Disclosed herein is a plasma etching method for plasma-etching a ground surface of a wafer after the wafer with a tape attached to its lower surface is ground. The plasma etching method includes a drying step of applying heat to the tape to remove water present in the tape, an electrostatic holding step of electrostatically holding the wafer by an electrostatic force generated by supplying DC power to electrodes of an electrostatic chuck, after the drying step, and an etching step of reducing the pressure of a reduced-pressure chamber and plasma-etching the ground surface of the wafer by a reaction gas brought into a plasma state, after the electrostatic holding step.

Claims

1. A plasma etching method for plasma-etching a ground surface of a wafer by a plasma etching apparatus after the wafer with a tape attached to its surface on one side is subjected to grinding of its surface on an other side by a grinding wheel while supplying grinding water, the plasma etching apparatus including an electrostatic chuck for holding the wafer through the tape by an electrostatic force generated by supplying direct current power to electrodes disposed inside, and a reduced-pressure chamber which accommodates the electrostatic chuck holding the wafer, the pressure inside which is reduced, in which a reaction gas is brought into a plasma state, and in which plasma etching of the wafer is conducted, the plasma etching method comprising: a drying step of applying heat to the tape to remove water present in the tape, wherein the drying step is only performed with the tape contacting an upper surface of a heater table, the heater table being a vacuum table including a porous plate in communication with a suction source, the porous plate having a heater disposed therein; an electrostatic holding step of supplying direct current power to the electrodes of the electrostatic chuck to generate static electricity and to thereby electrostatically hold the wafer, after the drying step; and an etching step including reducing the pressure in the reduced-pressure chamber, and plasma-etching the ground surface of the wafer held by the electrostatic chuck by the reaction gas brought into the plasma state, after the electrostatic holding step.

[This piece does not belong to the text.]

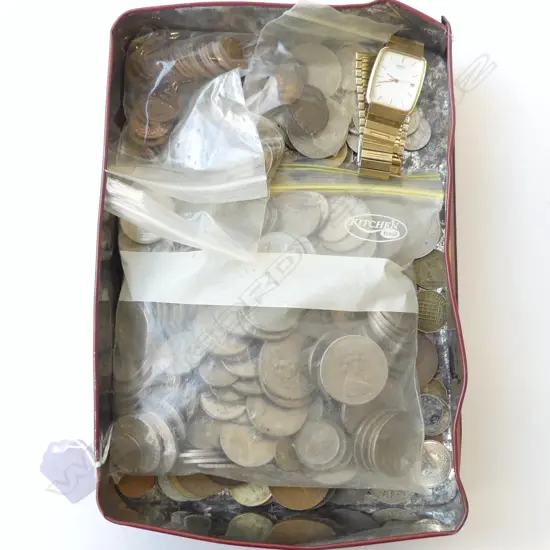 TIN OF VINTAGE WORLD + NZ COINAGE + SEIKO WATCH running new battery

2. The method of claim 1, wherein the heater table is heated for about one minute.

3. The method of claim 1, wherein the heater incorporated into the heating table is provided over substantially the entire upper surface of the heating table.

4. The method of claim 1, wherein the etching step is performed on the wafer at the same time that the drying step is being performed upon a subsequent wafer scheduled to be subjected to the etching step next.

Description

BRIEF DESCRIPTION OF THE DRAWINGS

(1) FIGS. 1A to 1C are partial enlarged sectional views illustrating a case where a wafer is held by a method according to the prior art;

(2) FIG. 2 is a schematic sectional view depicting an example of a drying step according to the present embodiment; and

(3) FIG. 3 is a schematic sectional view depicting an example of an electrostatic holding step and an etching step according to the present embodiment.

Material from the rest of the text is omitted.